■ Task requirements: Leaving out any pictures, print the entries that follow exactly as they stand.

■ The data:
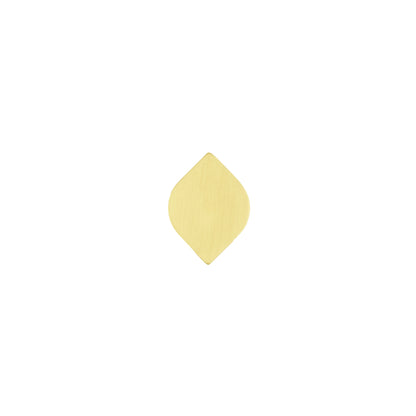 The Tarang Knob by Mantara (B-0104) is a brushed brass modern pair knob in gold, perfect for wardrobes, doors, and kitchens.
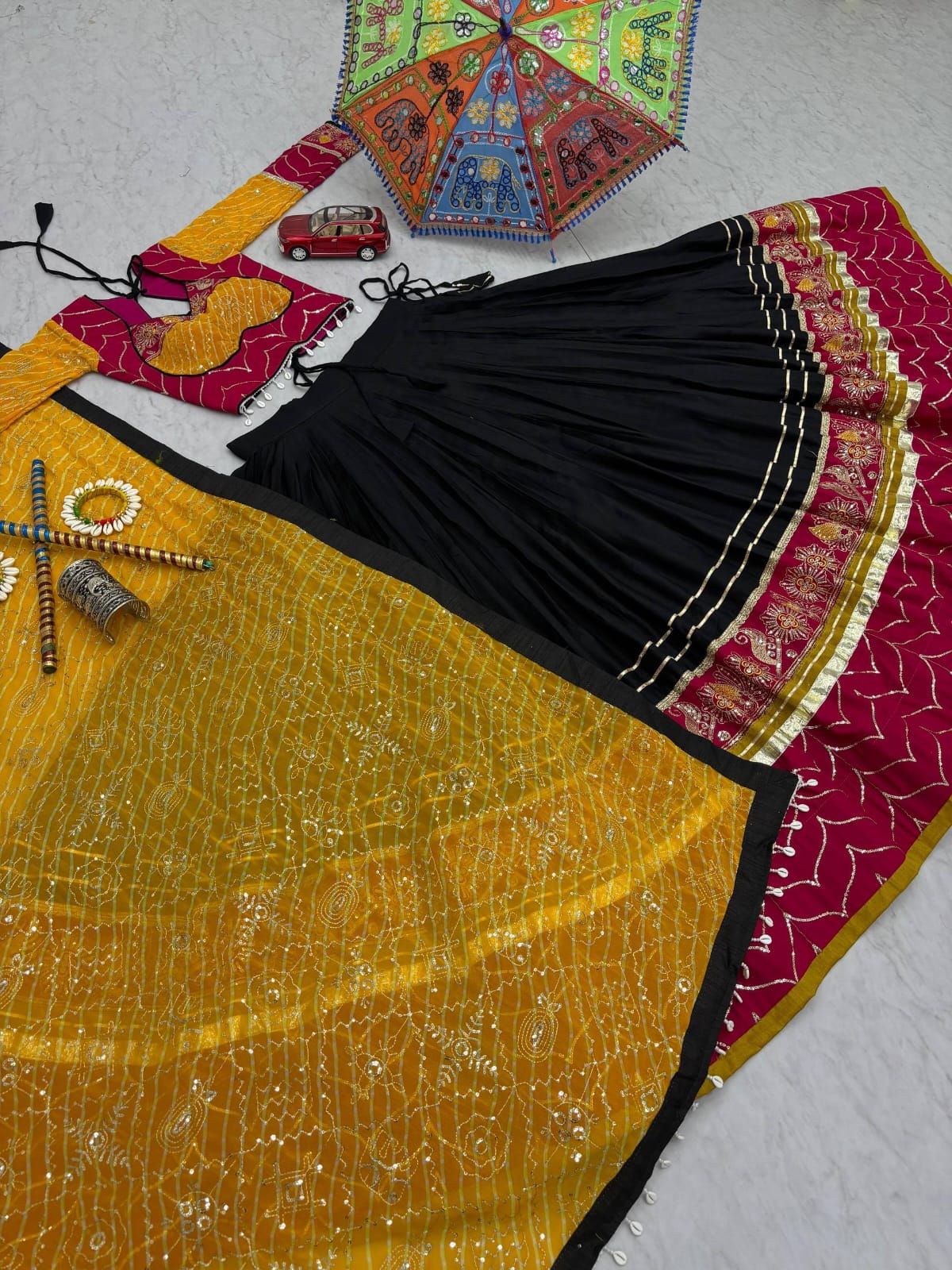 Navratri Special Pure Cotton Lehenga Choli Set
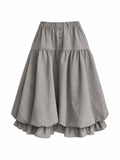 Grey midi skirt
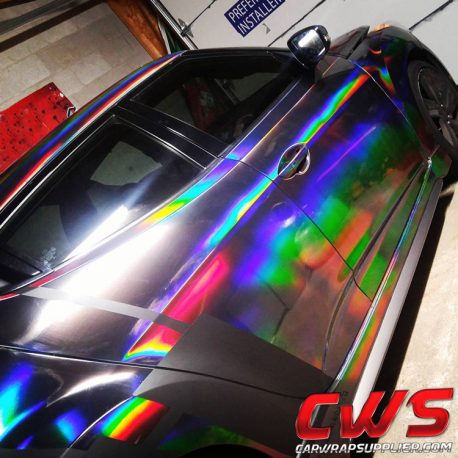 Black Holographic Chrome Vinyl Wrap from CWS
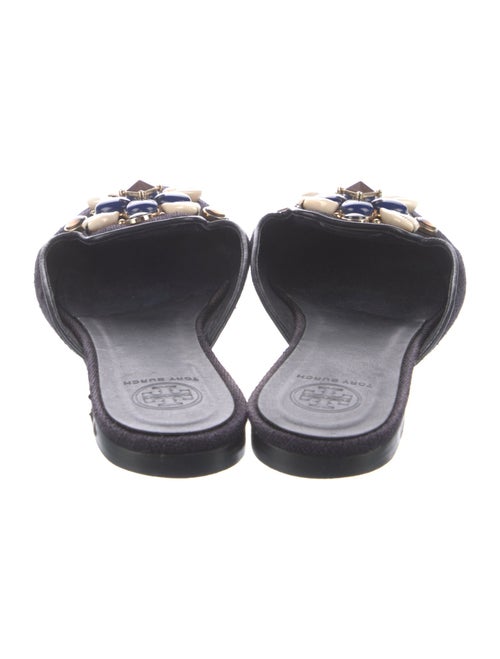 Tory Burch Canvas Studded Accents Mules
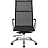 Кресло для руководителя Easy Chair Кресло EChair-702 T NET чёрное (сетка, металл) Фото 0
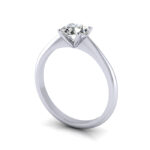 Round Brilliant Solitaire Diamond Ring Platinum RS3 3D Round Brilliant Solitaire Diamond Ring Platinum RS3 3D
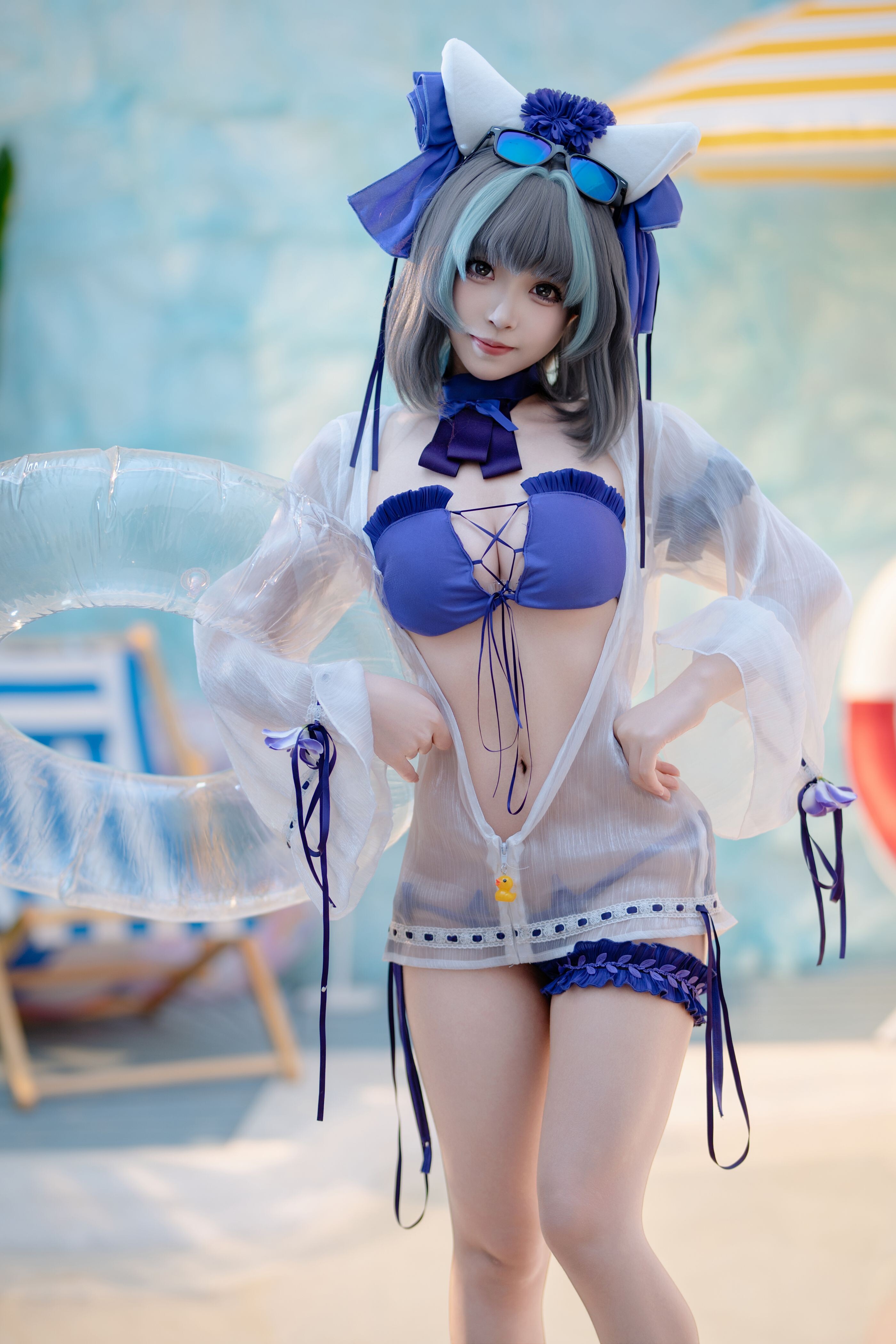 Bangni邦尼 - 泳装柴郡 Cosplay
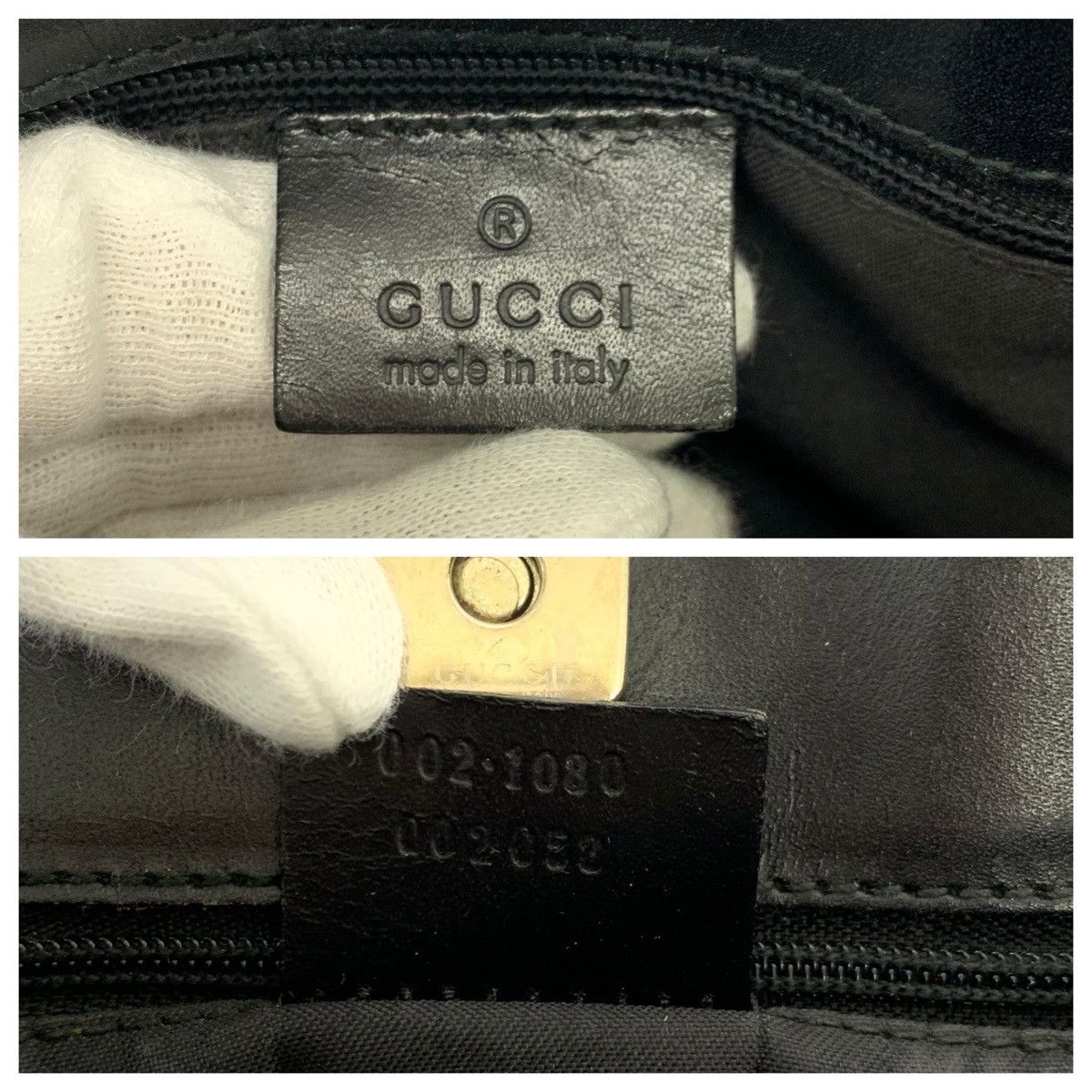 Gucci Gucci Gucci GG Canvas Leather Handbag Leather Tote Bag 002 1080 002 058 DUTY FREE for USA Size ONE SIZE - 6 Thumbnail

■ Result of this task:
 The Tarang Knob by Mantara (B-0104) is a brushed brass modern pair knob in gold, perfect for wardrobes, doors, and kitchens.
 Navratri Special Pure Cotton Lehenga Choli Set
 Grey midi skirt
 Black Holographic Chrome Vinyl Wrap from CWS
 Tory Burch Canvas Studded Accents Mules
 Кресло для руководителя Easy Chair Кресло EChair-702 T NET чёрное (сетка, металл) Фото 0
 Round Brilliant Solitaire Diamond Ring Platinum RS3 3D Round Brilliant Solitaire Diamond Ring Platinum RS3 3D
 Bangni邦尼 - 泳装柴郡 Cosplay
 Gucci Gucci Gucci GG Canvas Leather Handbag Leather Tote Bag 002 1080 002 058 DUTY FREE for USA Size ONE SIZE - 6 Thumbnail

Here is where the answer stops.